Go through the listing below and retype exactly the lines starting at the one with "Used 2025 BMW" and ending at the one with "Red Metal Wreath", skipping pictures.

◆ **DATA PROVIDED**
"""

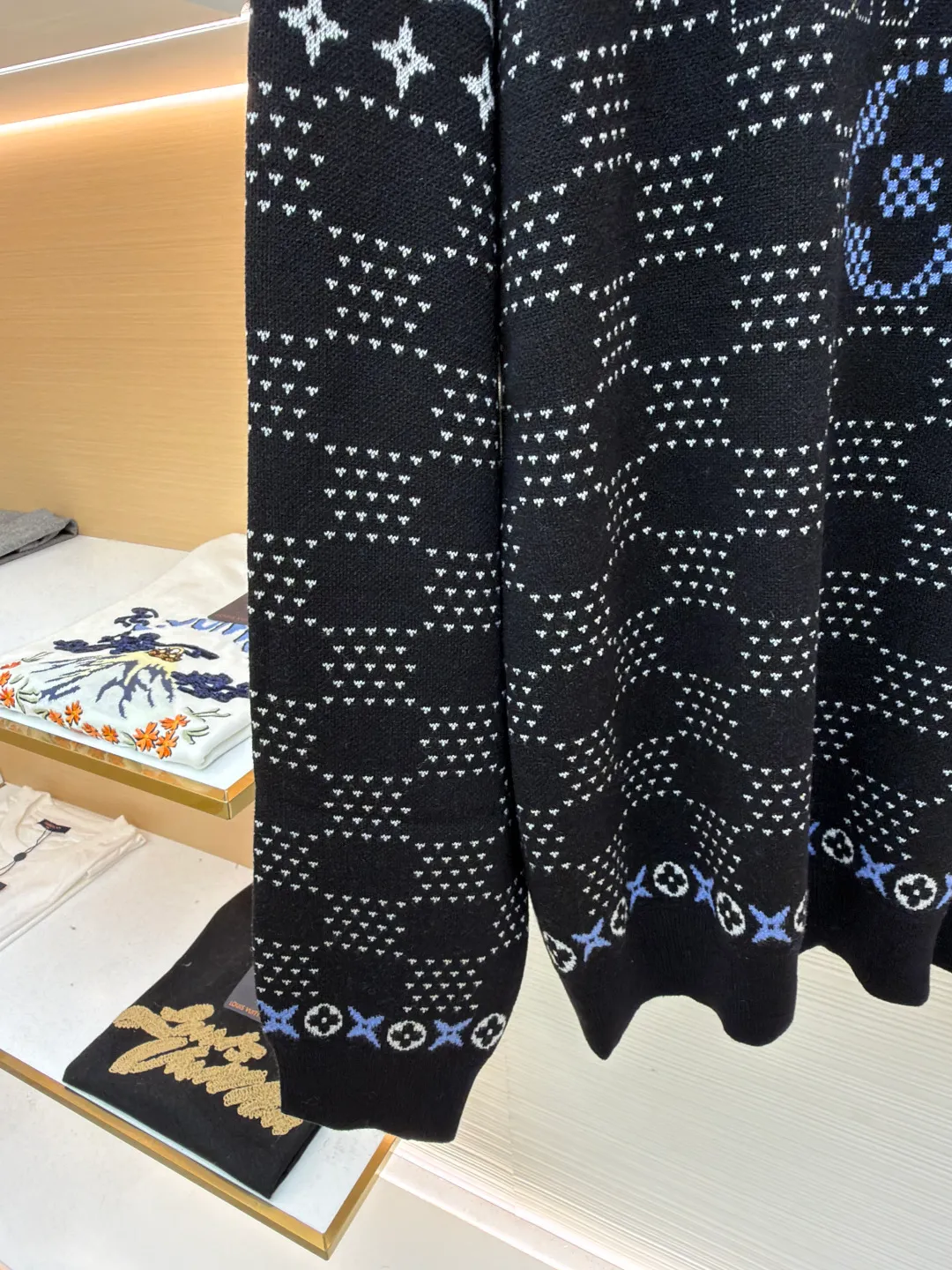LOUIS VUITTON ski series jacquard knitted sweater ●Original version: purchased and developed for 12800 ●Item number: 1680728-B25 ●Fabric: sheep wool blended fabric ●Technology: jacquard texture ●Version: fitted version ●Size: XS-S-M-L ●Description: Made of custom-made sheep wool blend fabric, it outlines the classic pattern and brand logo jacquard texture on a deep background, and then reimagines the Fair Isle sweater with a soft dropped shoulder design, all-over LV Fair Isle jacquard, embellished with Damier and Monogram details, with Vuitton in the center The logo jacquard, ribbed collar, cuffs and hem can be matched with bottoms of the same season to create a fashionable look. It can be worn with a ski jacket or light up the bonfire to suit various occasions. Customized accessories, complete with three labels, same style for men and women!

"""
"""

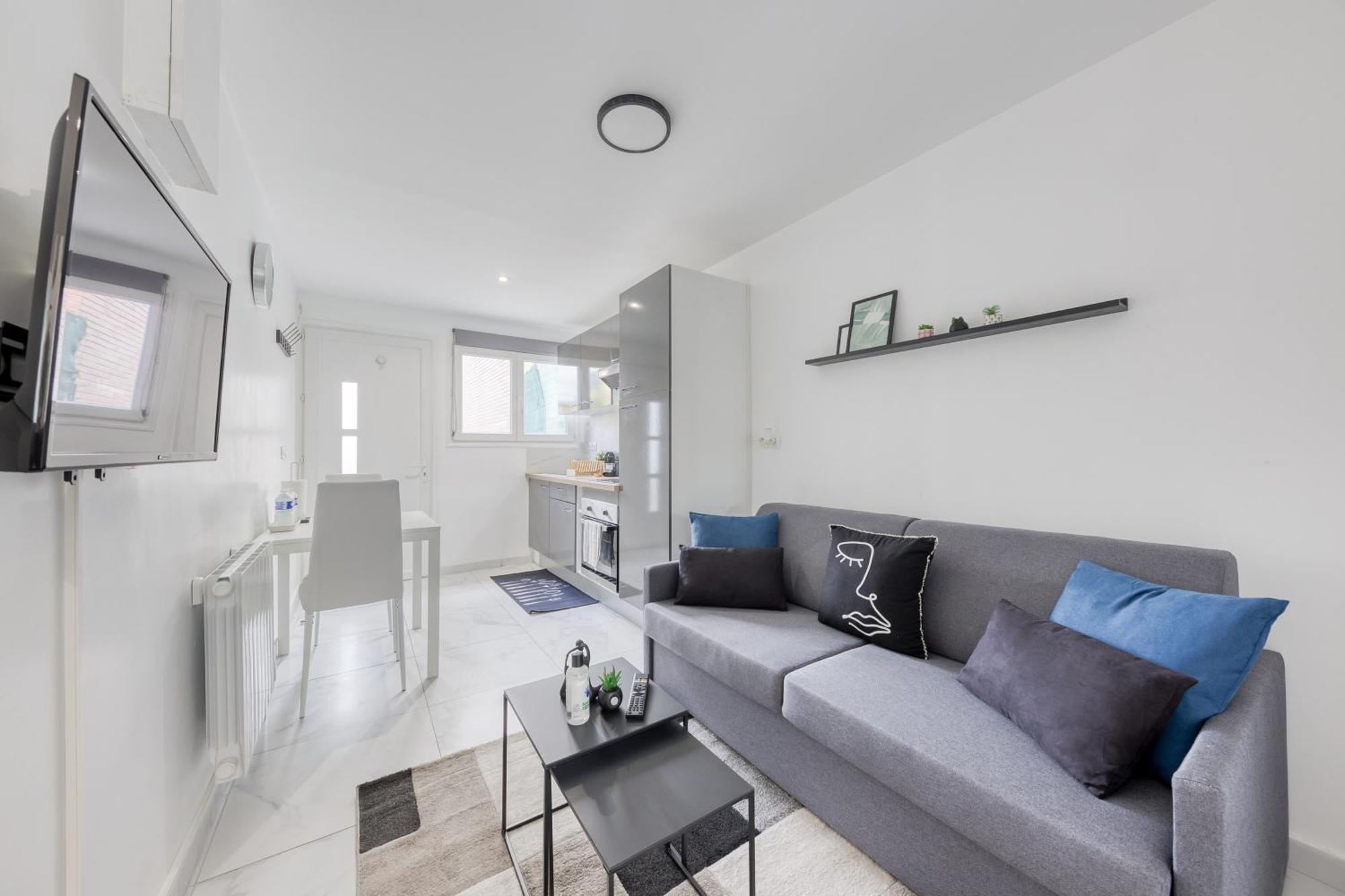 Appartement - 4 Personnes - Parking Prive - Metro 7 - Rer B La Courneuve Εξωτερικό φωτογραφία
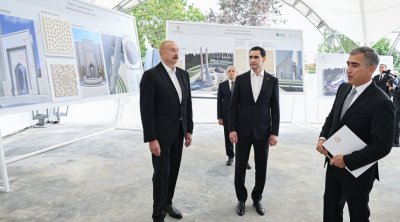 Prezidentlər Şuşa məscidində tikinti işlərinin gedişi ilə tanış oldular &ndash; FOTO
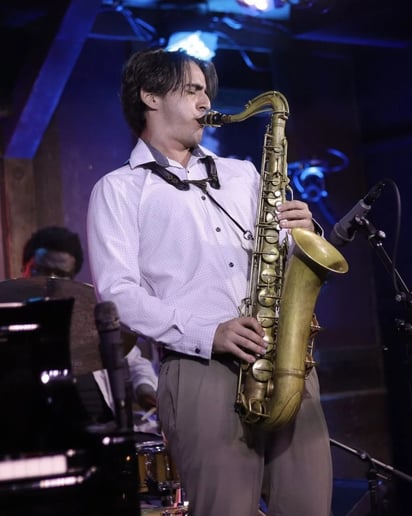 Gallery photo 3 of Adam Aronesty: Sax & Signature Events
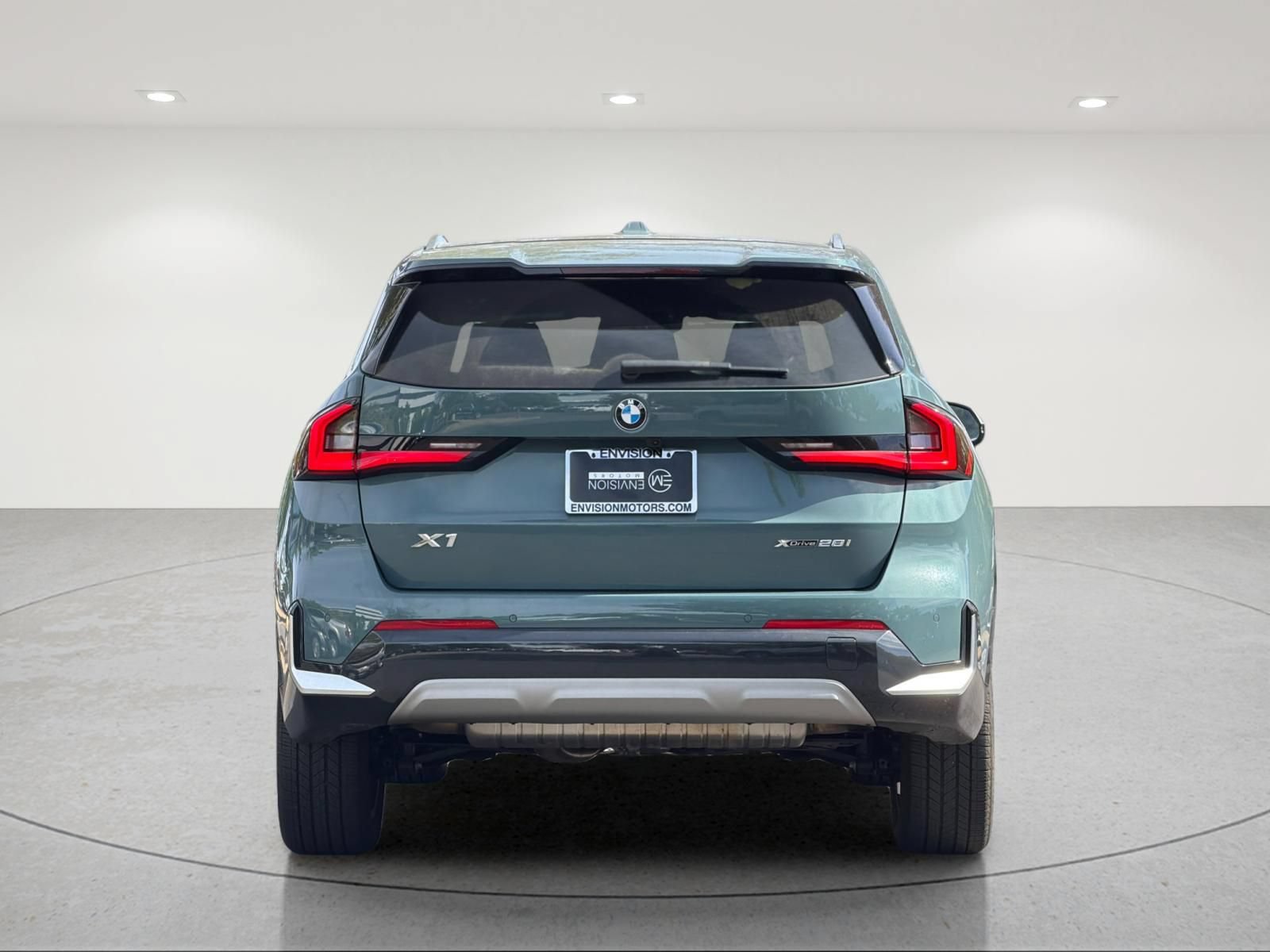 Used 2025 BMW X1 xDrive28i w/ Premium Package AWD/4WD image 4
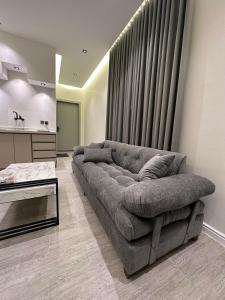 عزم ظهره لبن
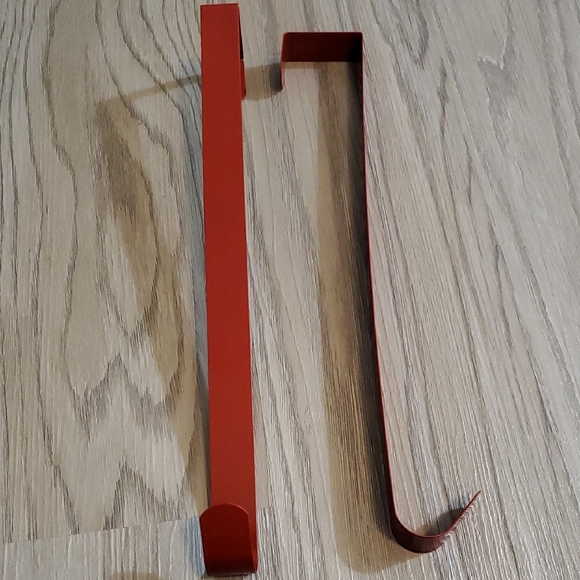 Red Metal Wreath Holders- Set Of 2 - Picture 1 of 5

"""
"""

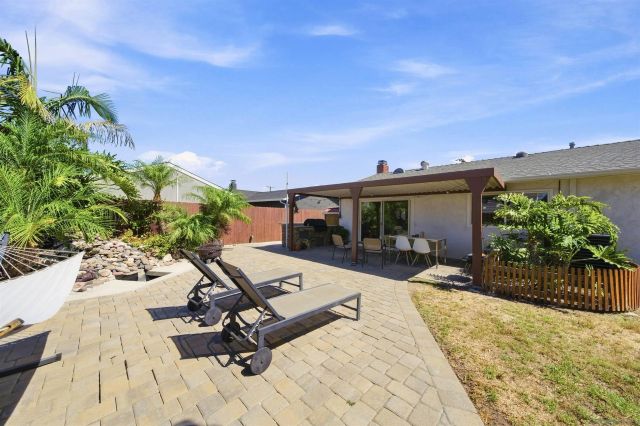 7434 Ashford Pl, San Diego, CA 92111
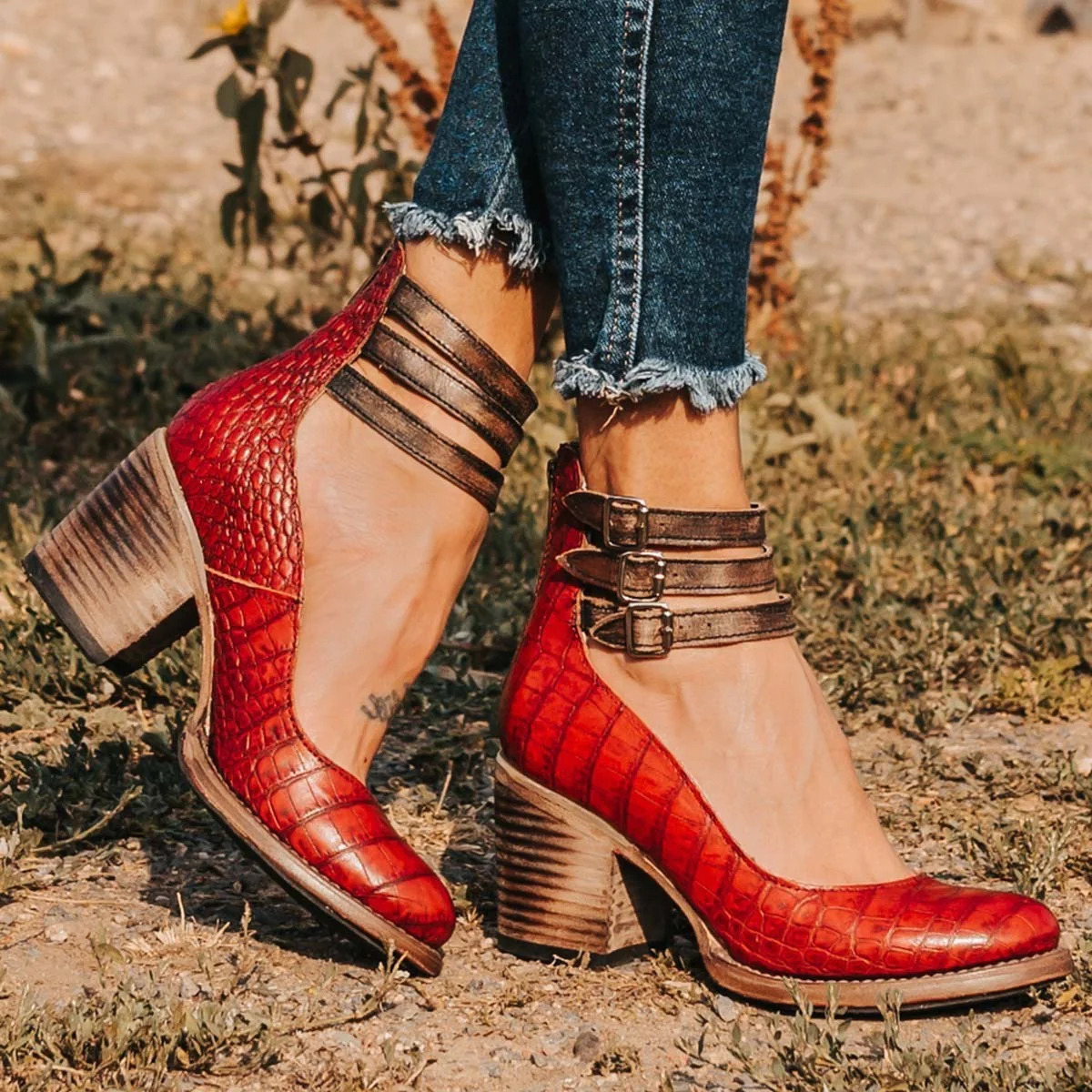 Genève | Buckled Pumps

"""

◆ **TASK ANSWER**
 Used 2025 BMW X1 xDrive28i w/ Premium Package AWD/4WD image 4
 عزم ظهره لبن
 Red Metal Wreath Holders- Set Of 2 - Picture 1 of 5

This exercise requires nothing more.